Here is my theory; After the Battle of the Five Armys. Balin who was, after Thorin's death, the senior dwarf from the Blue mountains. Balin was Thorin's younger cousin, and was next in line of succesion (from the Blue mountains anyway). 
Of course the True heir was Dain, and he was there with a large army behind him. Dain being the leader of the Grey hills dwarves claimed the newly freed Lonely Mountain. 

Now Dain had it pretty good before, in the Grey hills, but now with the riches of Erebor he was rolling in it. This just rubbed Balin and the Blue mountain dwarves the wrong way, here they did all the hard work in their view and the big rewards that they wold have recieved if Thorin was alive were greatly diminshed. Balin who had had the ear of the leaders of Durin's folk from the days of Thrain and after with Thorin was suddenly out of the loop. Dain would not let Balin in to his inner circle.

In after days Balin as the leader of the Blue mountain faction would prove to be a thorn in the side to Dain and his Grey hills majority.

At about this time Balin went off with Gandalf for a 'visit' to the shire to see Bilbo, and I bet they came the long way around to go by the East and West enterences of Khazad-dum, just to see the lay of the land. 

I imagine that Gandalf and Balin had a number of interesting discusion about what kind of Force would be needed to regain the Mines. A large enough force of dwarves with the right stratagem and A major member of the White councel backing them up just might have a chance of defeating a 'Balrog of Morgoth'.

It was easy to get Dain's permition to go on this expedition.
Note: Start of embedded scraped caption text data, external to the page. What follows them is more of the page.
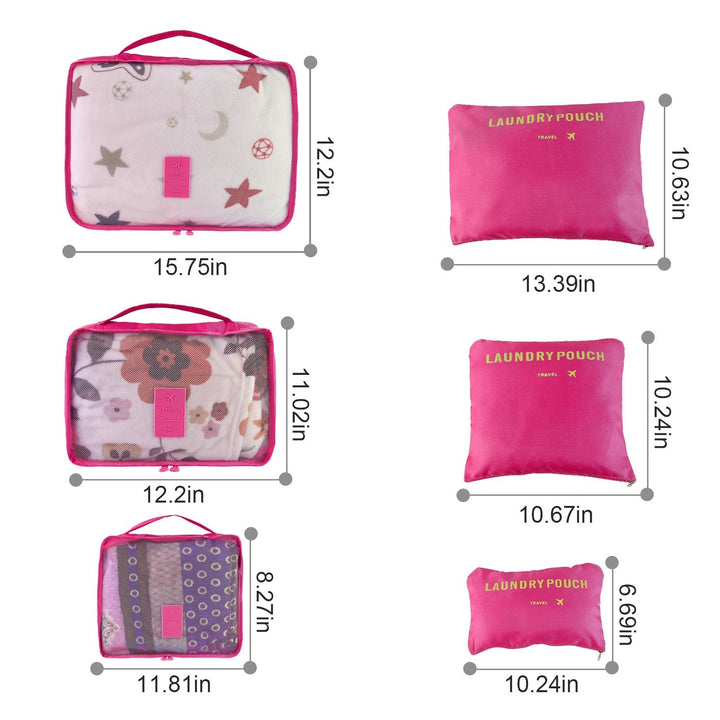 Pakkubussen en compressiezakken reisorganizerset met tasjes 6-delig bagage reizen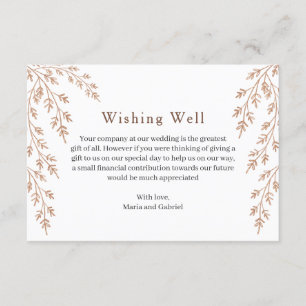 Carte D'accompagnement Feuillage doré. Un simple souhait. Mariage d'olive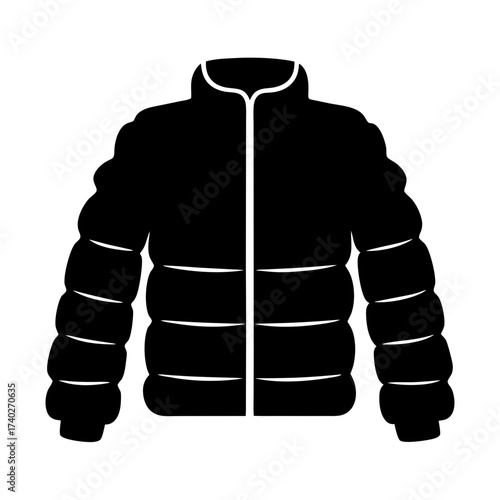Stylized black winter puffer jacket with vertical front closure design
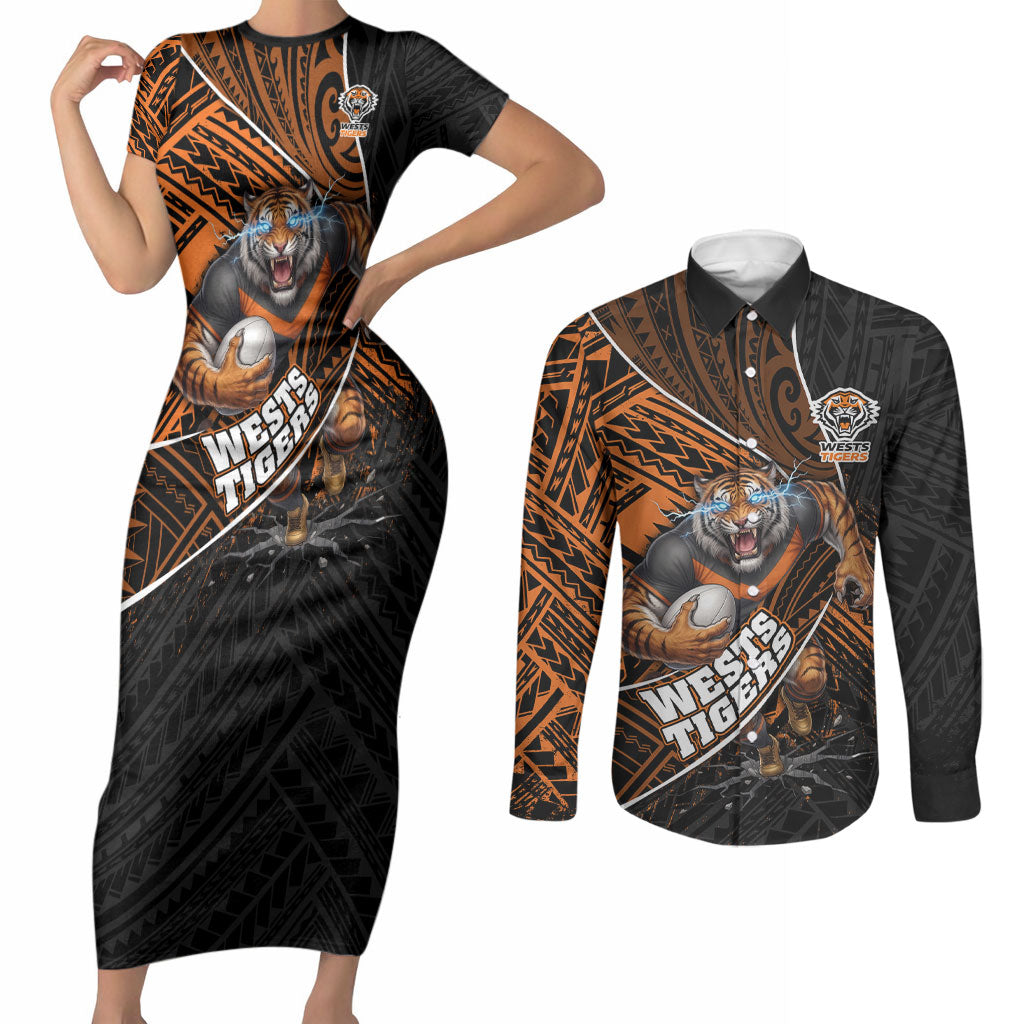 Wests Tigers Rugby Couples Matching Short Sleeve Bodycon Dress and Long Sleeve Button Shirt Tribal Polynesian Power Art - Lightning Mascot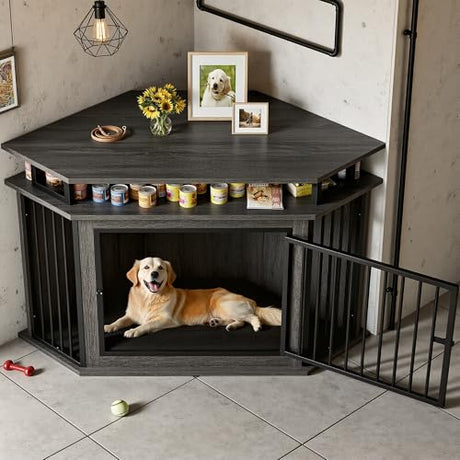 IRONCK 51" Corner Wooden Dog Crate Furniture with 2-Tier Shelves, Pet Kennel for Large Dogs, Space-Saving Dog Cage Indoor, Rustic Brown (26.7" L x 51.2" W x 33.5" H) IRONCK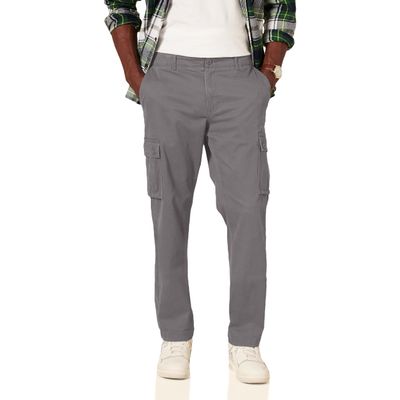 Amazon Essentials Men's Straight-Fit Stretch Cargo Pant (Available in Big & Tall), Dark Grey, 35W x 32L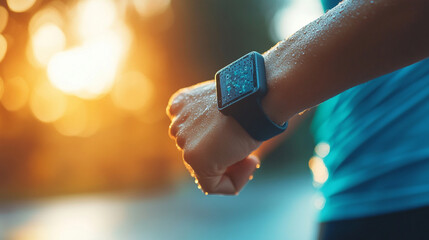close-up of fitness tracker on wrist during workout, sweat and motion blur, sporty detail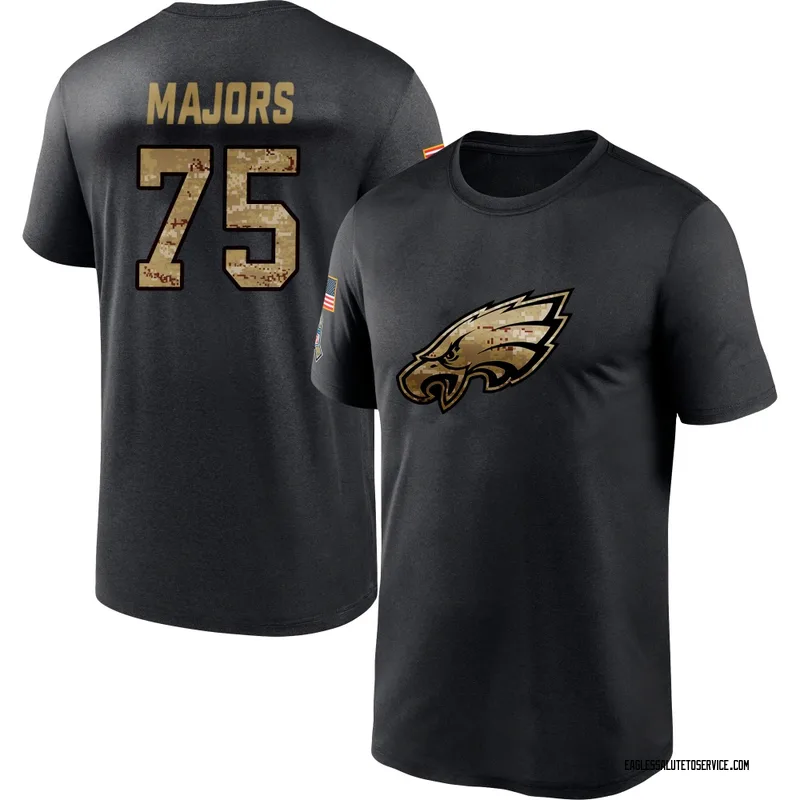 Men's Jake Majors Philadelphia Eagles Black 2020 Salute To Service Performance T-Shirt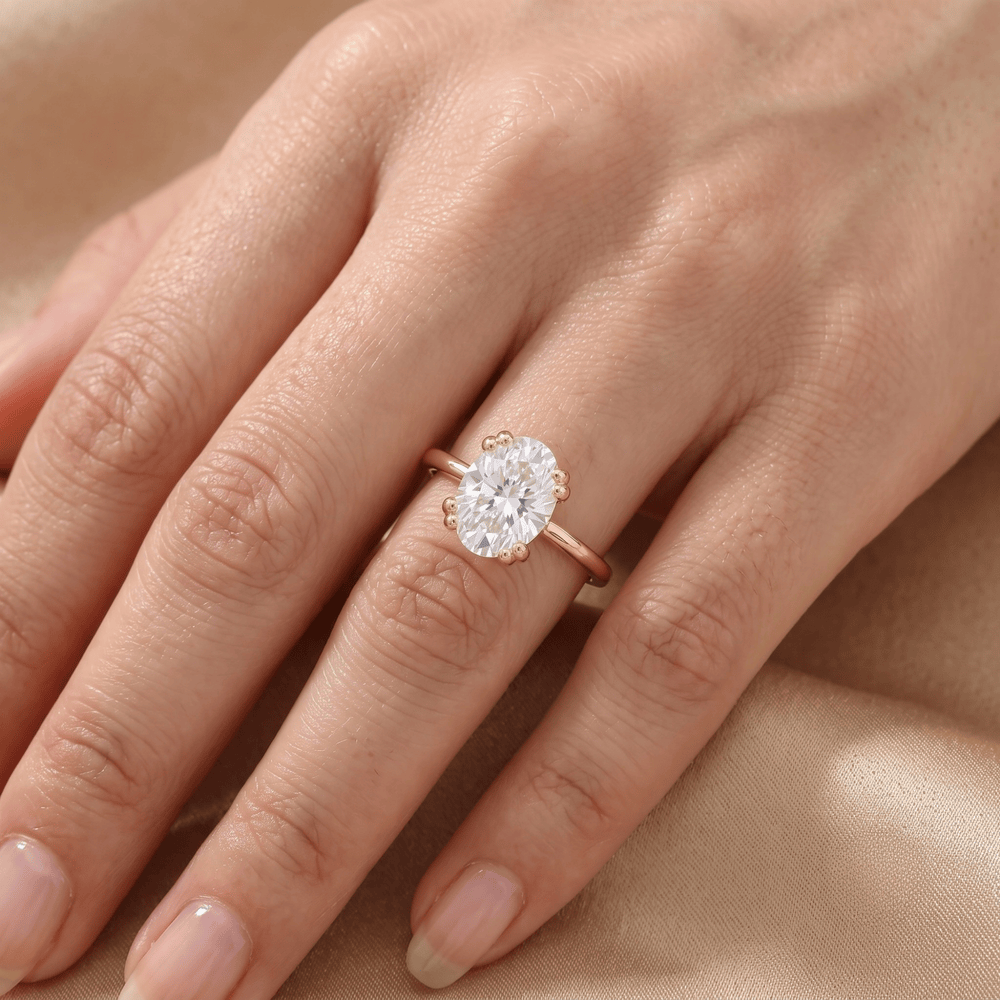 Minimalist oval dual prong lab diamond ring design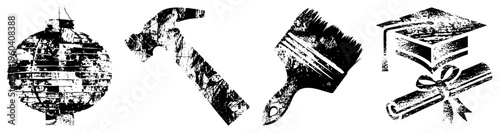 Stylized lantern, hammer, paintbrush, graduation cap and diploma in gritty halftone texture, graphic for education, craftsmanship, art, and celebration.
He would win either way; If Balin won, then Balin would be 'Lord of Moria' and out of Dain's hair, if Balin lost, Balin would be out of Dain's hair. _'Sure Balin you may go with my blessings'_

It was so sad to hear of the news of Balin at the 'Councel of Elornd', Gandalf pulled off a good piece af acting there. Ever wonder why Gandalf was so against going through Moria, he know exactly what awaiting them there. At Balin's Tomb Gandalf knew what he had went he picked up Balin's book, Gandalf himself must have made some of the last entries. He was there at the end, and escaped out the backdoor!

There I got that off my chest. That story has been running through my mind for awhile now. Of course this is only an opinion that I have formed form a lot of reading between the lines, I could be wrong 

What do you think?


----------



## Anarchist (Jul 8, 2002)

now this is a long and very good theory. I haven't studied this issue much so I can't prove you wrong. But I don't think that Gandalf would lie in any way. It wasn't his type.


----------



## Chymaera (Jul 8, 2002)

I am sure there was no malice on Gandalf's part. But he could been hiding the truth in an effort not to scare his 'Fellows' too much.

As I said theree is a lot of reading between the lines here.


----------



## Galdor (Jul 18, 2002)

quote]...Gandalf himself must have made some of the last entries. He was there at the end, and escaped out the backdoor![/quote]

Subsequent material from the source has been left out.